For waterfalls and streams, your pump should pump at least 100 gallons per hour for every inch wide the waterfall is. For more noise and "white-water" from your falls, increase the flow rate to 200 gallons per hour per inch of waterfall width.

Waterfalls made of water falling off cut stone, 100 to 150 gallons per hour per inch wide of waterfall will work. For waterfalls made of water falling off boulders, 200-500 gallons per hour per inch wide of waterfalls will create a nice white-water effect.

I had in mind 4 inches wide. Any way you cut it, it's quite a bit of water.

Reply to
micky

That is a great idea.

Mine is a shallow plastic saucer full of water. In the winter I add a heater. The birds never have any trouble finding the bath. In the spring and early summer, I often see a mallard duck sitting in it.

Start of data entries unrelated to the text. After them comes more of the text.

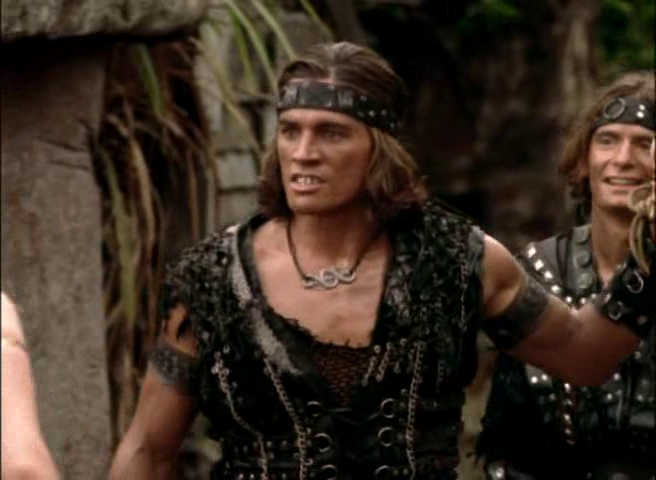 File:Top God - Punk Clinton.png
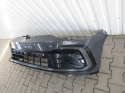 Zderzak przód VW Golf 8 VIII R-Line 5H0 20-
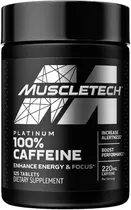  Muscletech ...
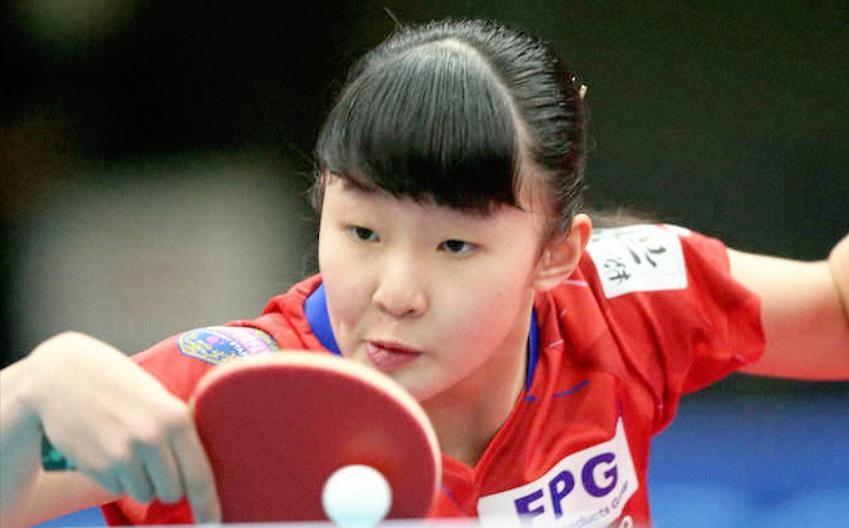 也为许多年 也为许多年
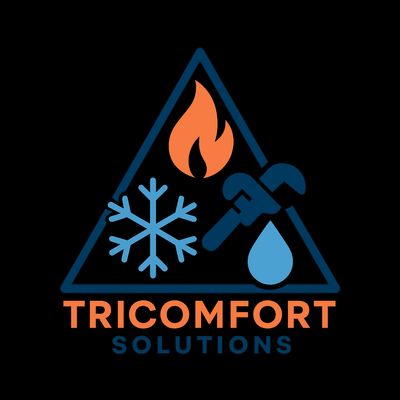 TriComfort Solutions
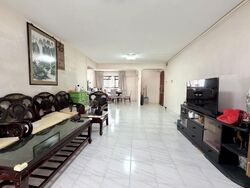 Blk 310 Serangoon Avenue 2 (Serangoon), HDB 5 Rooms #610721571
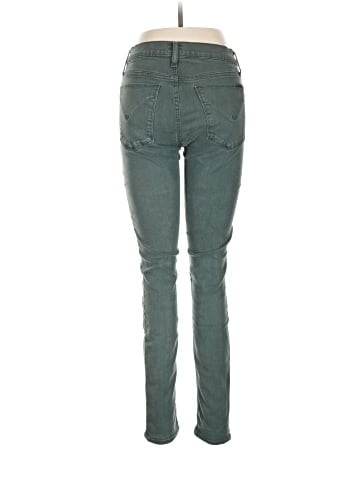 Hudson Jeans Jeggings (view 2)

Perhaps you're overthinking this. Is your social calendar so full that you can't go out there every day or two and top it up?

Cindy Hamilton

Reply to
angelica...

Maybe a 12vdc self priming fuel transfer pump would work. Add a couple batteries and solar charging. It would be more efficient to put the pump as near the water as practical. You'll need to put screens on the intake.

Reply to
Dean Hoffman

Why not just let Baltimore County Utilities pump the water? You can use an electrical valve, a toilet tank valve or any kind of float valve to stop it when the bird bath is full. Keeping a bird bath full should cost a penny or two a day on your water bill and you will be using treated water so the bird bath won't be a science fair project. God only knows what is in that drainage ditch.

Reply to
gfretwell

Put the pump at the source, not at the fountain and pretty much ANY pumpwill do the job. Most pumps don't work well pumping water - which is required to "suction prime" a pump. "Pressure proming" works a lot better.

Reply to
Clare Snyder

His pump drawing water for 200 feet wouldn't use much electricity, but it would be interesting to see how the small cost of that compares to the small cost of just using municipal water. I would not be surprised that the cost for the water is less.

Reply to
trader_4

It was going to run all the time, as the pond at the top filled and overflowed into a stream going to the edge of the property.

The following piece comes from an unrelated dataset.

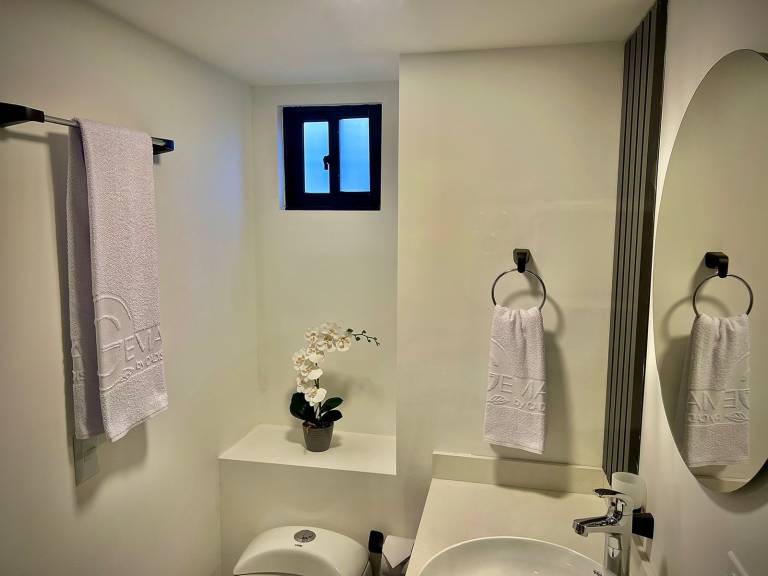 foto10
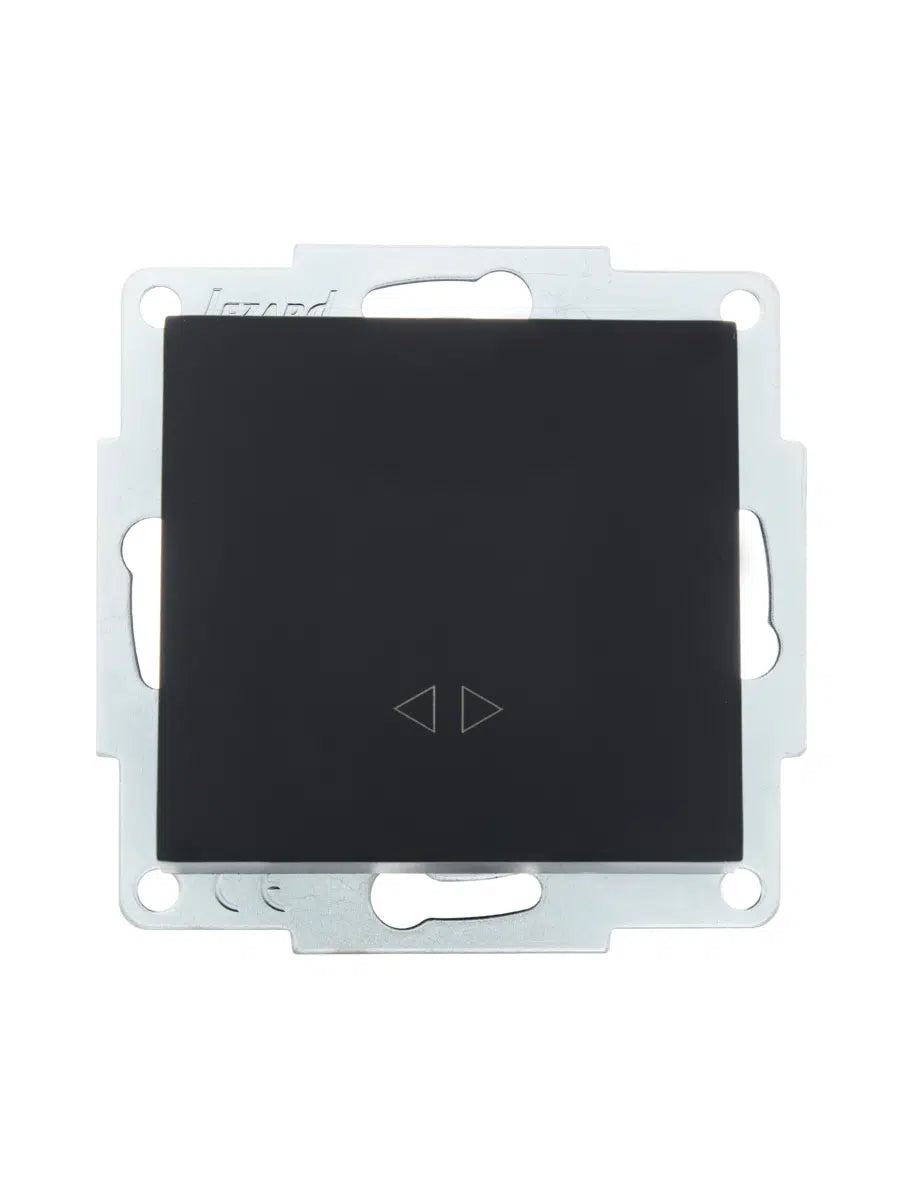 Lezard Vesna տեսականին - սև գույնով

They used to have urinals that ran all the time but I haven't seen one in decades.

Using city water would be like letting a faucet run all the time. Too wasteful. It's has to be the stream, or probably what most people do is just pump the water back up from the end of their little stream.

It turns out it's 40 feet, not 20, to the edge of the property (which is the stream bed but a part that is dry 99% of the time), but I was right, about 200 feet to the stream, where the stream is actually running, and about 10 feet lift needed.

60 feet of that is also in the empty part of the stream bed and when it floods 55 feet of it will be pushed down stream. I"ll just have to put it back each time, a couple times a year. I could bury that part too I suppose but there are rocks here wherever you dig and I'll bet there are even more in the stream bed (because the dirt on top gets washed away, but the rocks remain). (I recently heard 2nd hand from someone who knew this area before the houses were built and he said there was one or more truckloads of rocks removed, but there are still plenty left.

I can bury the input hose where it's in my yard, and I can bury the electric cord.

But I could also just run a return hose from the bottom of the little stream I want to make, only 40 feet. For some quirky reason of my own, I don't like this as much (something like the porchlight glass issue and what I think is "natural". One wouldn't be able to see my stream water pouring down the side of the hill into the real stream bed.) but it would be a lot less work and it's what I think everyone else does. -- then I'd only have to pump 40 feet sideways and 2 to 4 feet up. It just doesn't feel as real to me, even though the other way isn't real either.

(FWIW, I also don't have my own water bill. They installed water meters for every house, but it was I guess up to the HOA to hire someone to read them, and that requires opening the metal hatch in the sidewalk for every two houses. It was never done and instead, there is one meter for the 100+ houses and every house pays the same amount. So 99% of what my stream used would be paid for by my neighbors. Most would never see the stream and the rest might never think about the water bill, but it's not right of me, and when they do figure it out they'd be annoyed.)

Reply to
micky

We used to have ever flowing water fountains in DC but when water started being more expensive (price and environmentally) they stopped all of that. You can still use a float valve tho. The black flow master toilet valve is bullet proof. I have been using one as a pool fill for 20 years and it is still working fine. Use a little imagination and you could hide it in a cosmetic feature next to your bird bath. .

Reply to
gfretwell

Make sure you get all the DEP and other permits, we don't want to see you in jail.

Reply to
trader_4

I doubt DNR really cares about any "stream" in Bal'mer County. The health department might care tho. That will be polluted run off from streets and septic tanks.

Reply to
gfretwell

I think Martin Luther King was putting in a bird bath and fountain when he wrote his Letter from a Birmingham Jail.

At any rate, with the fountain, about half the water disappeared in one day.

With no fountain, I think it's been 6 days and it's still 95 or more % full.

I want more data on this. Maybe the birds will see the water even without a fountain. And maybe some don't like the stream itself because there is too much current and no quiet pools around me.

Reply to
micky

This would be one more reason to abandon the plan to get water from the stream. If I were to put the pump there, to be washed downstream when it floods, held back only by the cord and the output hose, and have to retrieve and replace it every time. And running electcricty to a pump that will be 5 feet under water during the twice-yearly flood stage. That coudlnt' be good (even though I leave the exension cord in the grass all year and have only tripped the GFI breaker twice in 20 years.)

I'm turning my attention to pumping from the bottom of my stream. Only

40 feet away and on my property.

Or maybe the bird bath will work without a fountain.

Or maybe I'll just give up.

Reply to
micky

Submersible water pumps are made to be underwater. Use some sort of anchor and and a cable to keep it in place. Lowes and Home Depot have them.

Reply to
Dean Hoffman

The water is just evaporating faster when you squirt it up in the air. It may attract birds so that is the trade off you are dealing with. I think you will find the pollution in that creek will quickly concentrate into a slimy mess if you use it. Using chlorinated water from the utility will keep the bird bath cleaner, longer but that chlorine will be gone in a few minutes if the are aerating it.